Notes
1. The pleader may use the material in one of the three sets of brackets. His choice will depend upon whether he desires to plead the document verbatim, or by exhibit, or according to its legal effect.
2. Under the rules free joinder of claims is permitted. See rules
8
(e) and
18. Consequently the claims set forth in each and all of the following forms may be joined with this complaint or with each other. Ordinarily each claim should be stated in a separate division of the complaint, and the divisions should be designated as counts successively numbered. In particular the rules permit alternative and inconsistent pleading. See Form
10.
Source
(As amended Jan. 21, 1963, eff. July 1, 1963.)
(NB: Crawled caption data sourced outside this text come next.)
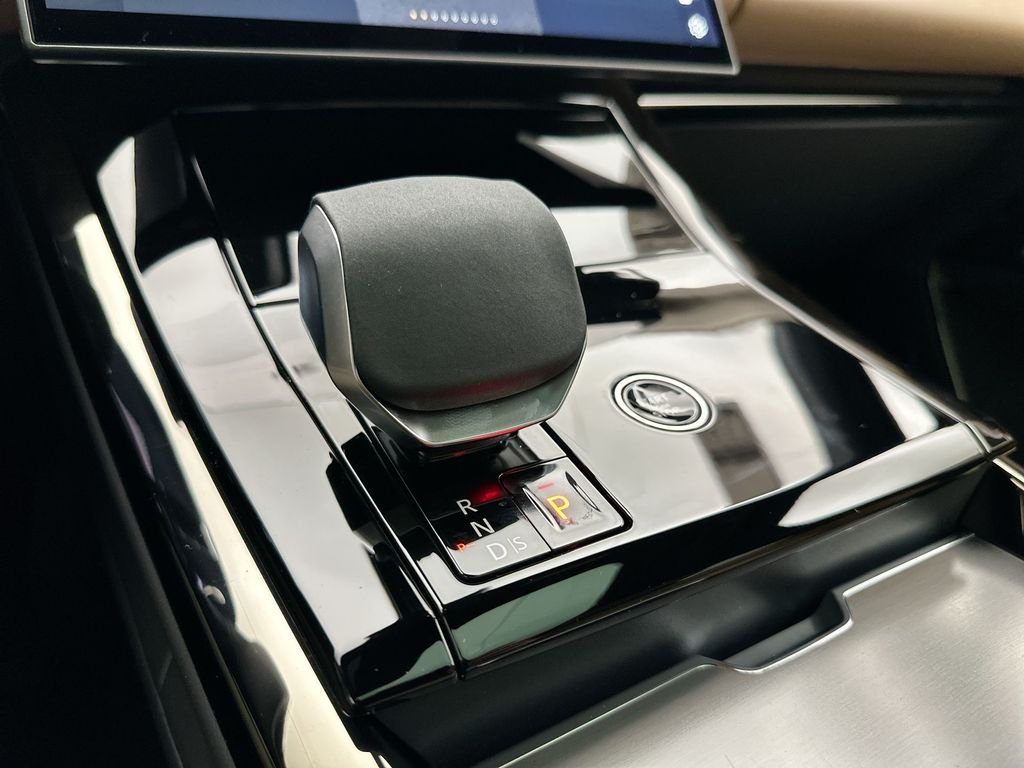 New 2026 Varesine Blue Metallic Land Rover SE image 12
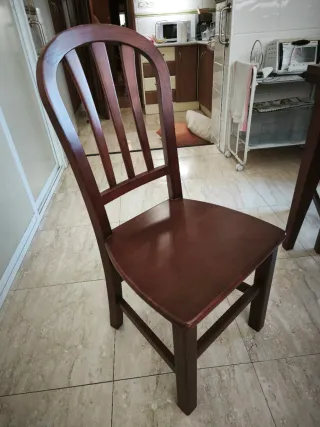 Mesa extensible 90x90 y 4 sillas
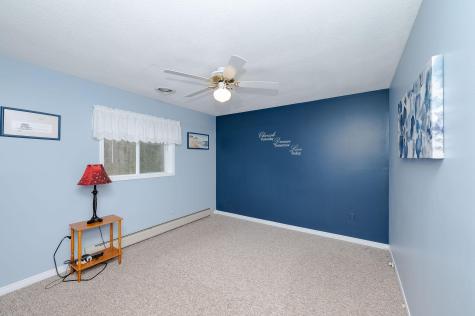 17 Dean Road York ME 03909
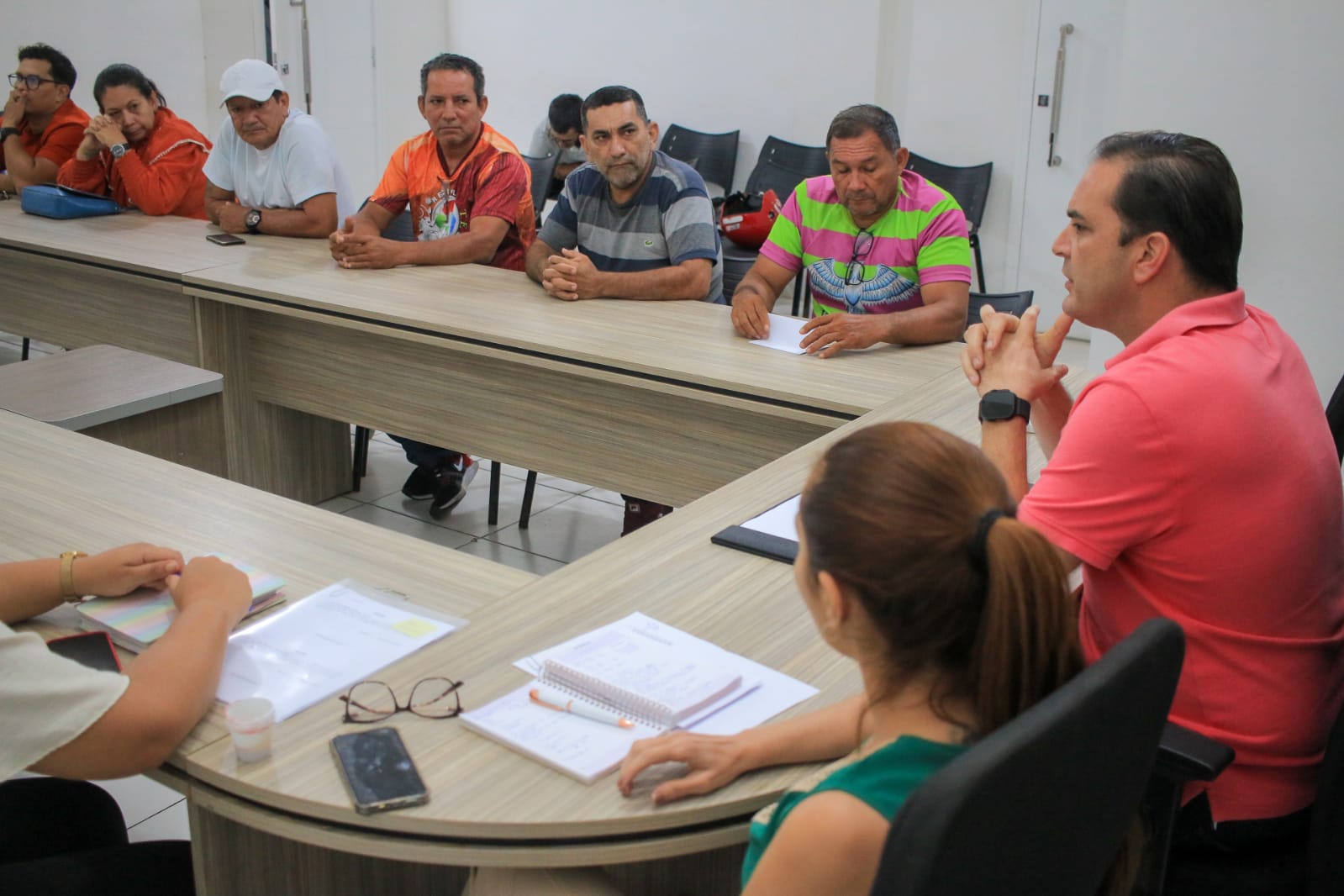 Prefeitura de Parintins faz segundo repasse de recursos aos blocos do Carnailha 2025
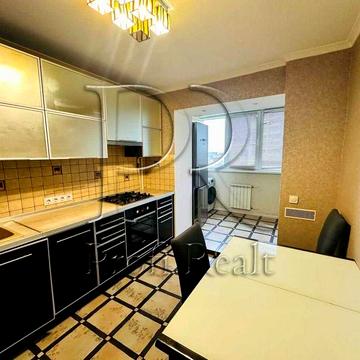 2 кім. квартира, з роздільним плануванням, по вул. Симиренка, 25А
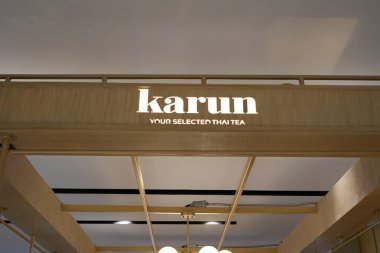 Bangkok, Tayland - 26 Kasım 2024: Karun, ünlü Thai çay dükkanı, lezzetli buzlu içecek veya donmuş buzlu içecek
Notes of Advisory Committee on Rules—1963 Amendment
At various places, these Forms [Forms
3,
4,
5,
6,
7,
8,
9,
10,
11,
12,
13,
18,
21] allege or refer to damages of “ten thousand dollars, interest, and costs,” or the like. The Forms were written at a time when the jurisdictional amount in ordinary “diversity” and “Federal question” cases was an amount in excess of $3,000, exclusive of interest and costs, so the illustrative amounts set out in the Forms were adequate for jurisdictional purposes. However, U.S.C. Title
28, § 1331 (Federal question; amount in controversy; costs) and § 1332 (Diversity of citizenship; amount in controversy; costs), as amended by Pub. Law 85–554, 72 Stat. 415, July 25, 1958, now require that the amount in controversy, exclusive of interest and costs, be in excess of $10,000. Accordingly the Forms are misleading. They are amended at appropriate places by deleting the stated dollar amount and substituting a blank, to be properly filled in by the pleader.